LOS ANGELES — California’s plan to end sales of gasoline-burning vehicles in 2035 could have a ripple effect nationwide if history is any guide. The Golden State’s unique ability to set its emission standards has been shaping the U.S. auto industry for five decades.
But the initial effects will be felt inside the state, the nation’s biggest auto market, and will start well before its 15-year deadline that all new vehicles be zero-emission.
Tesla is already climbing the sales charts in California, and its electric vehicles are threatening bestsellers such as the Honda Civic and Toyota Camry.
Automakers that have been dragging their feet on battery-electric vehicles, which include state market leaders Toyota and Honda, are likely rethinking their strategies, analysts said. And EV-friendly brands such as Volkswagen, Hyundai, Ford and Cadillac could add share.
A shift toward EVs is already taking place in China and Europe — the executive order last month by Gov. Gavin Newsom now puts California on the same path. Other states that have adopted California emissions rules could follow.
“The decree from Gov. Newsom puts a more definitive timeline on the move to electric vehicles,” said Jessica Caldwell, executive director of insights at Edmunds. “Fifteen years may seem like a long time, but it’s a comparatively short window for automakers, given how far they need to map out their product cycles.”
Market leader Toyota, with a 20 percent California market share last year between its Toyota and Lexus brands, does not sell an EV in the state, although it does sell many popular hybrids. And while Ford, VW, Nissan and others have electric crossovers around the corner, Toyota does not.
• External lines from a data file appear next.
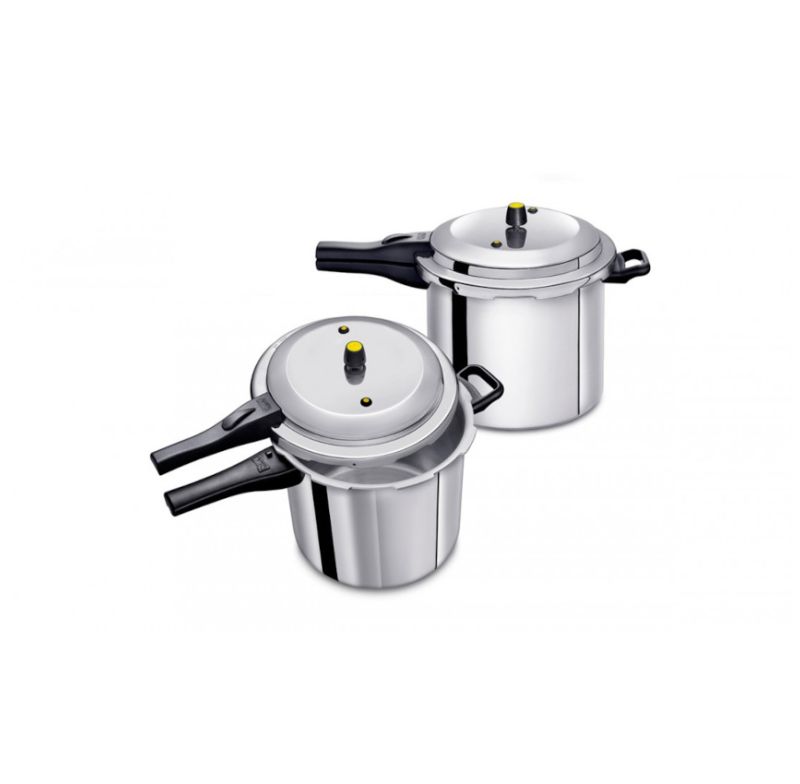 Panela De Pressao Industrial 12l Aluminio Abc 1221 Polida Com Cabo Baq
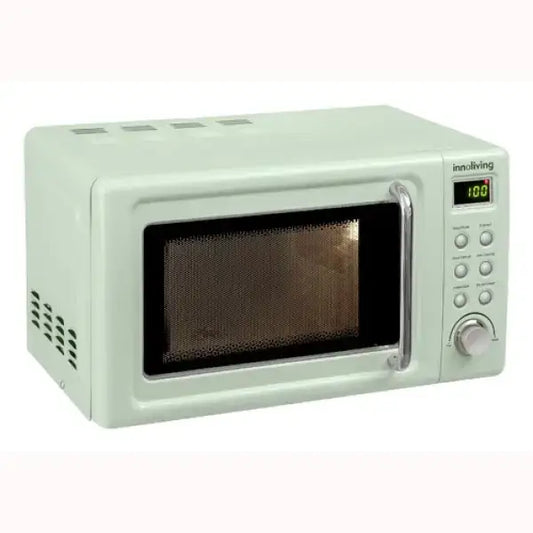 Microonde Innoliving bianco con display digitale e Forno Microonde Grill con manopola e pulsanti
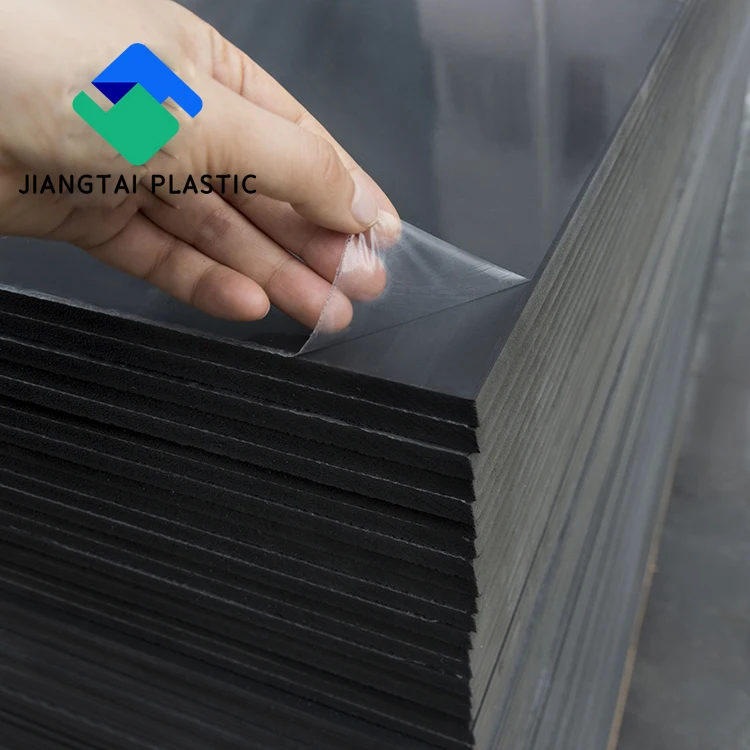 Jiangtai  122x244 288 305 156cm forex celuka sintra white black glossy hard furniture use foamed 8 x 4 pvc sheets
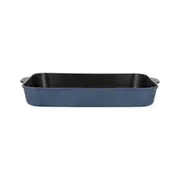Agile Non-Stick Aluminium 38x28cm Roaster Pan Baking/Cookware Rectangle Navy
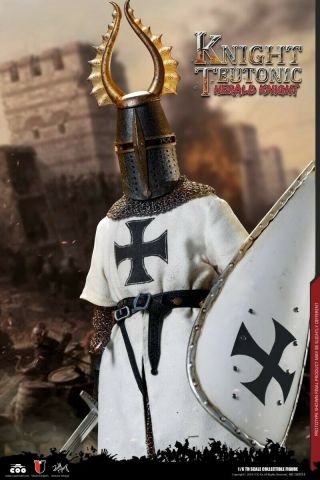 Coomodel Se055 1/6th Empire Teutonic Herald Knight Diecast Action Figure Toys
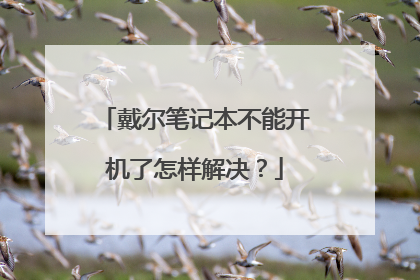 戴尔笔记本不能开机了怎样解决？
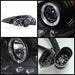 Spyder Auto 5073303 Halo LED Projector Headlights; Bulbs Included; w/Replaceable LEDs; Pair; Black; - Truck Part Superstore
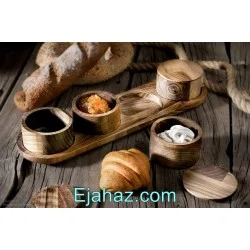 جا ادویه چوبی آماهوم گرد 4 تایی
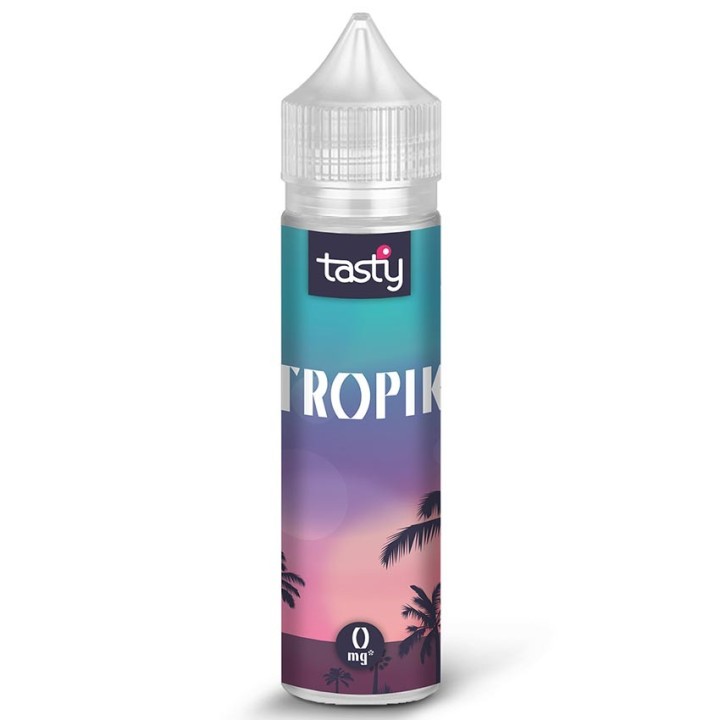 Tropik - Tasty e-liquide fruité goût passion, banane et ananas 50PG/50VG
“Toyota, which can be credited with the modern green car movement thanks to the Prius, generates a lot of sales with its hybrid technology but will perhaps have to move quicker to full electric than anticipated if the order in California comes to fruition,” Caldwell said.
Although new EV sales were just 5.3 percent of California’s total volume last year, they came despite consumers having few choices — particularly in the popular family-size crossover and compact to midsize sedan segments.
The Tesla Model 3, despite being a “near-luxury” vehicle, had 59,514 sales last year, overtaking the Toyota Corolla, Honda Accord and Toyota RAV4, according to the California New Car Dealers Association. This year, Tesla launched a new electric crossover, the Model Y.
Even the Chevrolet Bolt, which has not been a big hit nationwide, was California’s No. 2 subcompact vehicle, with 8,239 sales last year — just shy of the Kia Soul. Other EVs among the top five in their segments: the Tesla Model S, Tesla Model X and Nissan Leaf.
Karl Brauer, executive analyst at ISeeCars, noted that Newsom’s executive order came on the heels of Tesla’s public Battery Day event, at which CEO Elon Musk promised a $25,000 electric car for the masses, along with cheaper and higher-capacity batteries using more sustainable materials.
“You look at someone like a GM or a Volkswagen that’s got the global reach to be able to rally together a supply chain to produce that volume of batteries over the next 10 to 15 years, it certainly seems doable,” Brauer said of the notion of a mass-market EV. “Smaller automakers, like a Honda, are going to be more challenged.”
Honda is partnering with General Motors to make its first EVs for the U.S., but GM controls most of the technology. Toyota has said it will jump into the EV market when there is greater volume. There still is time to do so, and the California mandate could evolve over time.
“It’s a long way off; so many things can change,” Brauer said of the 2035 deadline. “I still question a lot of things about that mandate, like whether Gavin Newsom even has the power to do that.”
Brauer also noted that outside the Tesla community, there have yet to be any wildly popular EVs, including the Jaguar I-Pace and Audi E-tron, which arrived on the market with a lot of hype.
“When is one going to hit that’s an undeniable success of an electric vehicle, and it’s not a Tesla?” he asked. “I’m still waiting for that vehicle. I haven’t seen it yet.”
Sam Abuelsamid, principal research analyst at Guidehouse Insights, said some obstacles will need to be overcome fairly quickly for the California plan to become a reality. They include resolving global battery production constraints and accelerating vehicle development programs. Some brands are moving forward quickly; others could be left behind.
“It’s going to be tough, and I think we will see a shuffling in the order of who’s on top in California,” Abuelsamid said. “Whether Toyota or Honda can stay in the top two slots unless they add a bunch more EVs in the next few years is going to be interesting to watch.”